Python CSV finds the string and passes the column number to the variable

advertisements

I just joined here after reading a ton of info over the last few months as I get grounds with Python.

Anyway, I'm very new and have been researching as much as possible but most of the answers are a bit out of my reach in understanding and don't seem to do exactly what I need.

From the reading I've done, I'm not sure if I should familiarize myself with Panda or not, but I basically need to do simple formatting, conversion and re-organization of an ALE file. An ALE is a simple tab-delimited list file that contains video clip names and metadata. The headers are located on row 8 and content data on 11 and down. Here's an example:

1 Heading
2 FIELD_DELIM   TABS
3 VIDEO_FORMAT  1080
4 AUDIO_FORMAT  48khz
5 FPS   23.976
6
7 Column
8 #### COLUMN HEADERS ####
9
10 Data
11 #### TAB DELIMITED DATA ####

For now, we'll assume my input files have been preformatted to strip rows 1-7, 9 and 10, so we just have a header row as row 1, and data starts on row 2.

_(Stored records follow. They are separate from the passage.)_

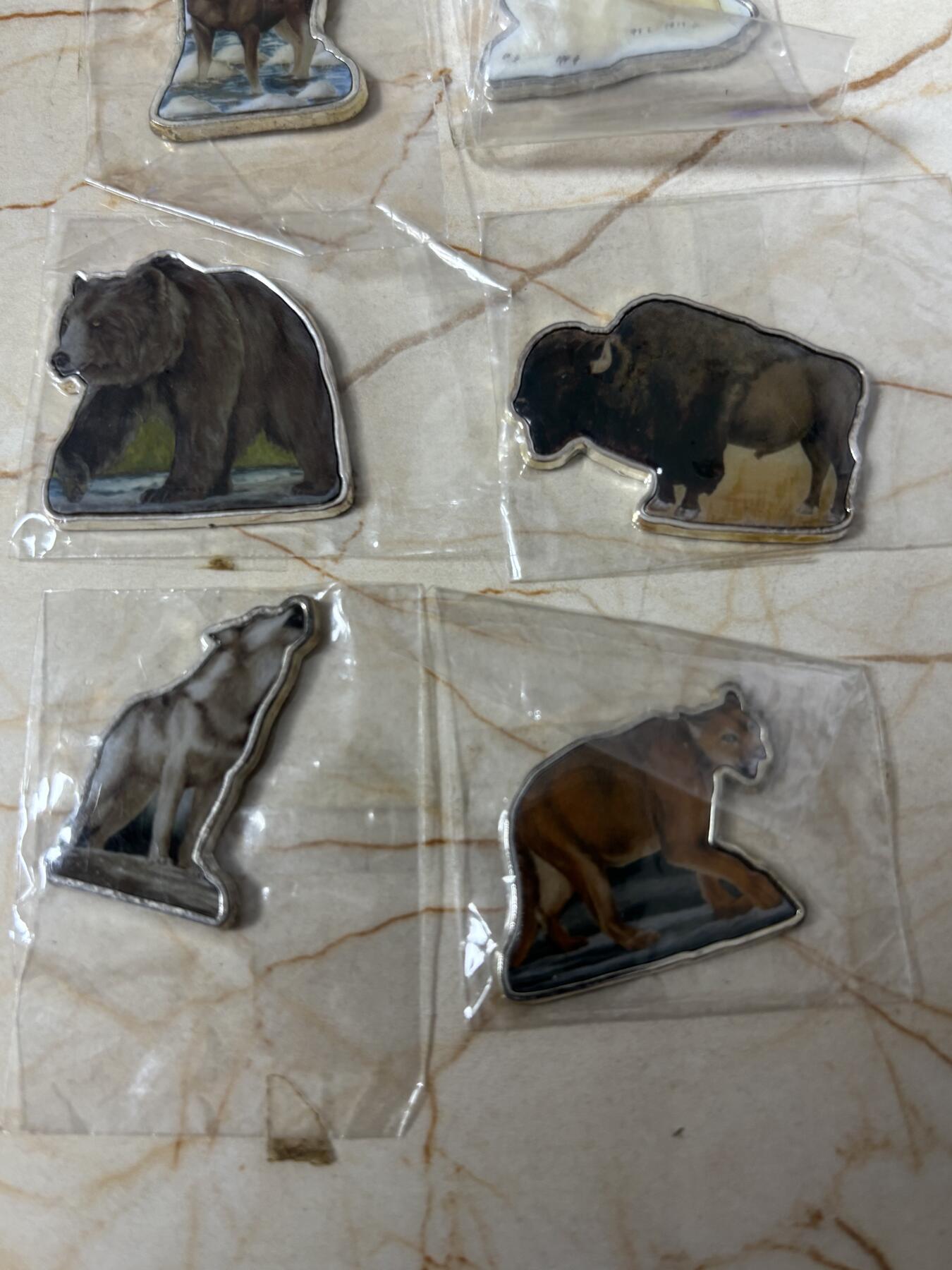 第184期拍卖 获奖索马里2008年动物彩色异形镀银纪念币6枚套，世界最美25种钱币排名第12位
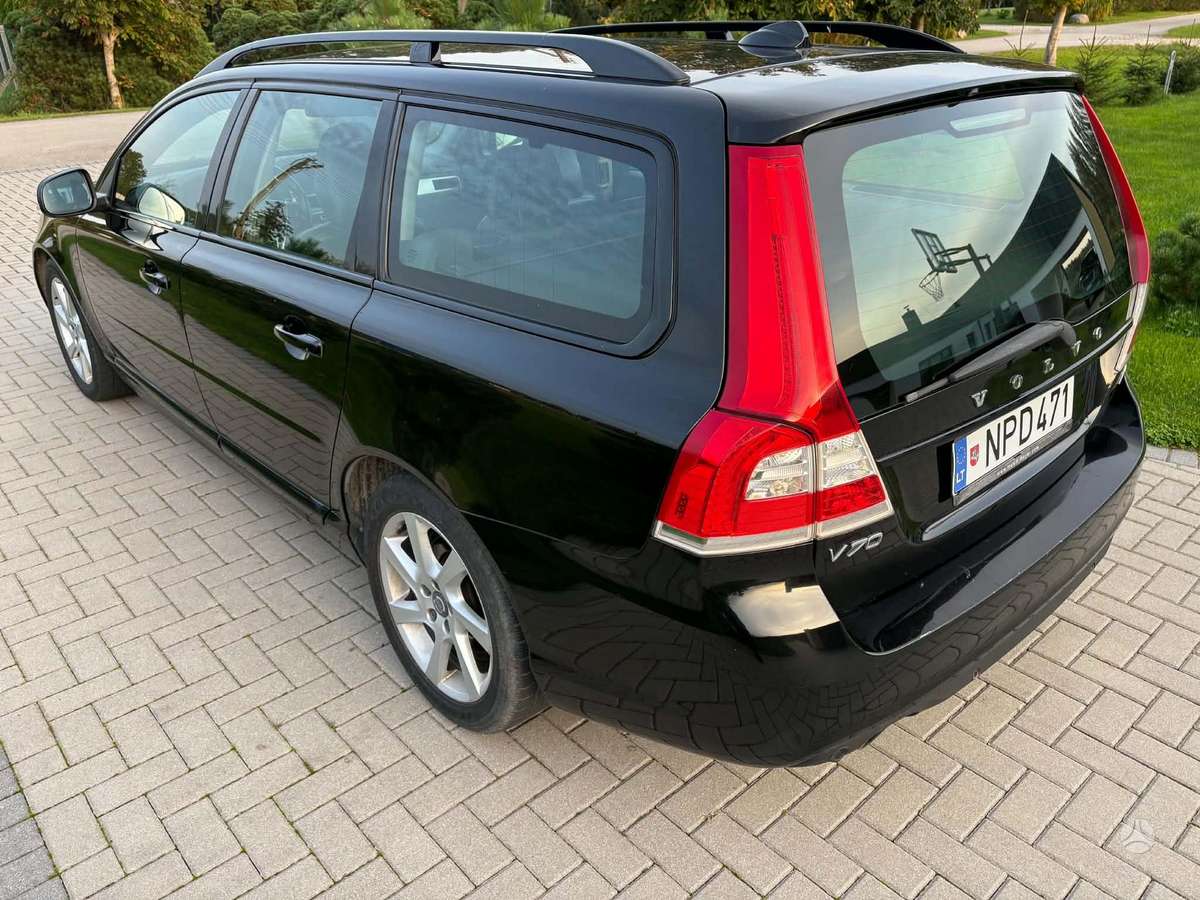 Volvo V70 2015 — photo 7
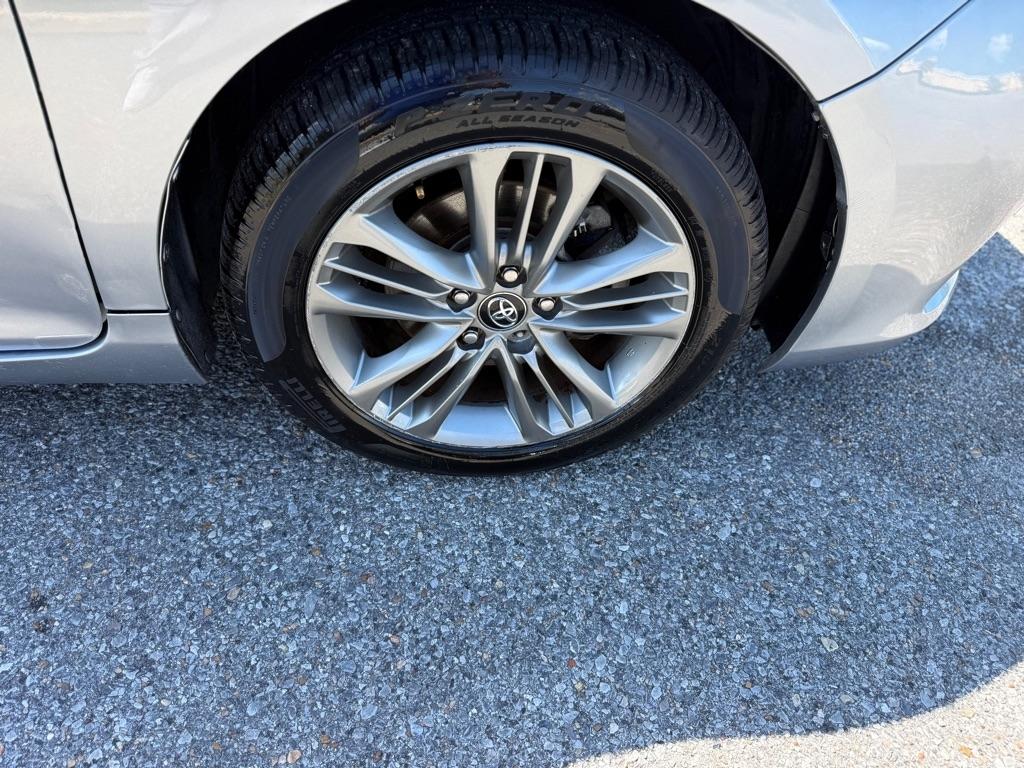 Toyota Camry XLE Auto (Natl) 2017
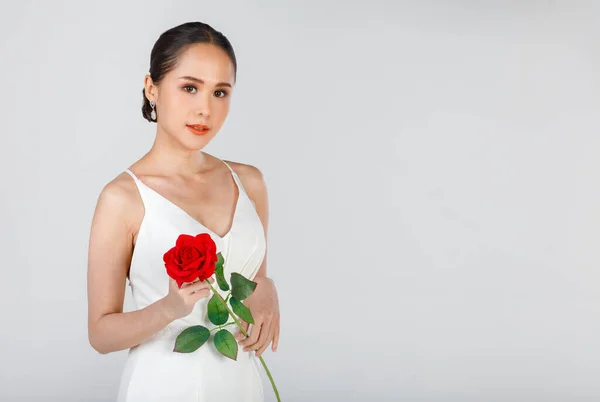 Porträtt Ung Attraktiv Asiatisk Kvinna Bär Vit Bröllopsklänning Med Röd — Stockfoto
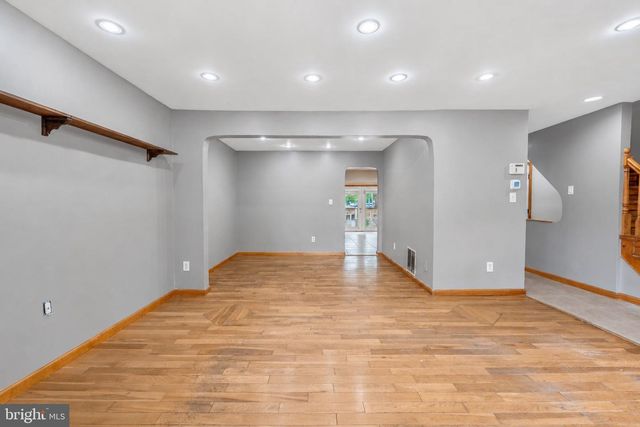 520 MADISON, East Windsor, NJ 08520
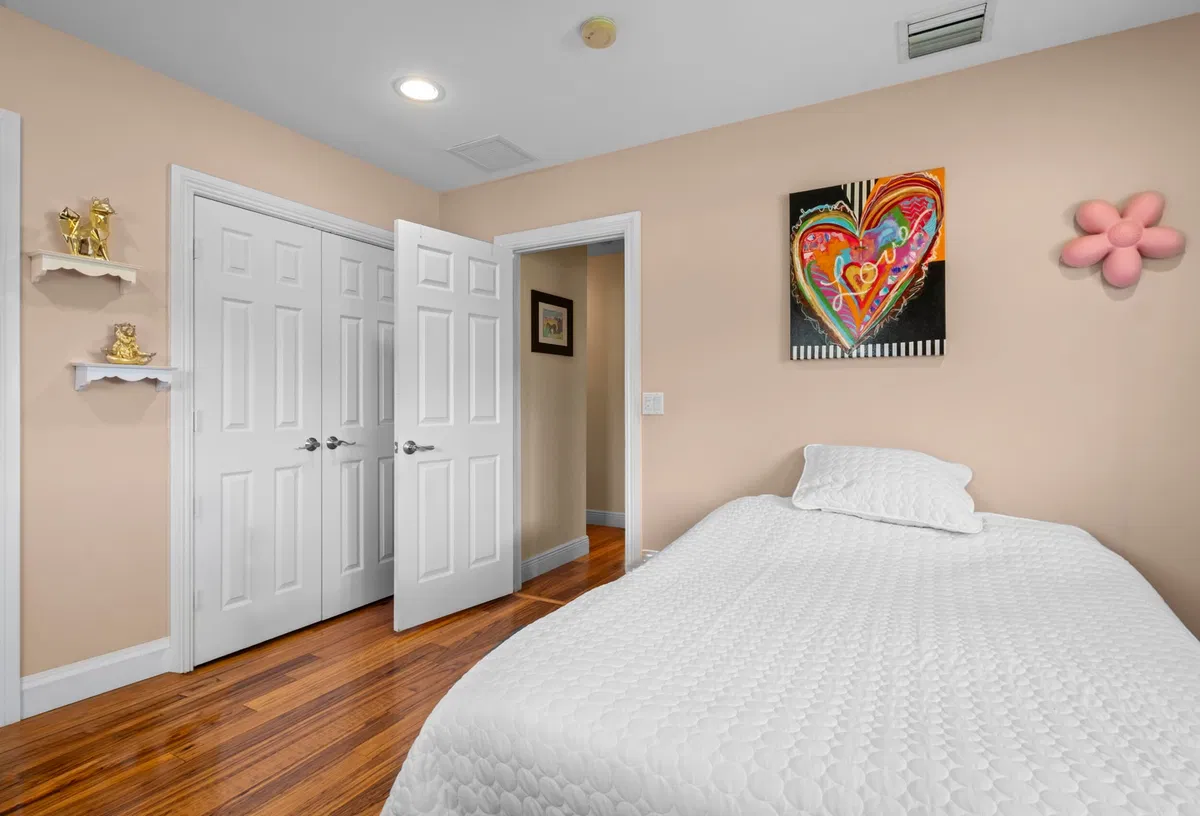 Residence photo 22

My first task with this program is to convert an entire column of data into a new format, which I have working correctly, but only if I target the column specifically that I am looking for in a data set that has no headings.

for row in ale_file:
    row[3] = timecode_to_frames(row[3])
    print row

The problem is, I don't always know what column numbers the data exists in (as each program will output the metadata in different orders) but I do know what the header name is. Somehow I need to read the header row, and when it finds the three headers named "start", "end", and "duration", it will pass those column numbers to a variable. Then, in the for loop above, I would be able to run my timecode_to_frames function on the row numbers that match the headers.

I feel this should be fairly simple along these lines (forgive me if I'm horribly off):

for row in ale_file:
    for col in row:
        if col == 'start':
            start_col = ##column number##

Then in my existing code I could call the variable in:

for row in ale_file:
    row[start_col] = timecode_to_frames(row[start_col])
    print row

Side note: In my FOR loop, do I need to explicitly skip row 1 since it's just a header, as it won't have the properly formatted data the function is expecting. Perhaps nest the for loop in a while loop like while row != 0: or something?

Any help would be greatly appreciated, thanks!


If all you need is columnHeader along with respective columnValue, you can read 1st line (header) before the loop from file, and inside the loop use zip(header, row) to get tuple of (columnHeader, columnValue).

https://docs.python.org/2/library/functions.html#zip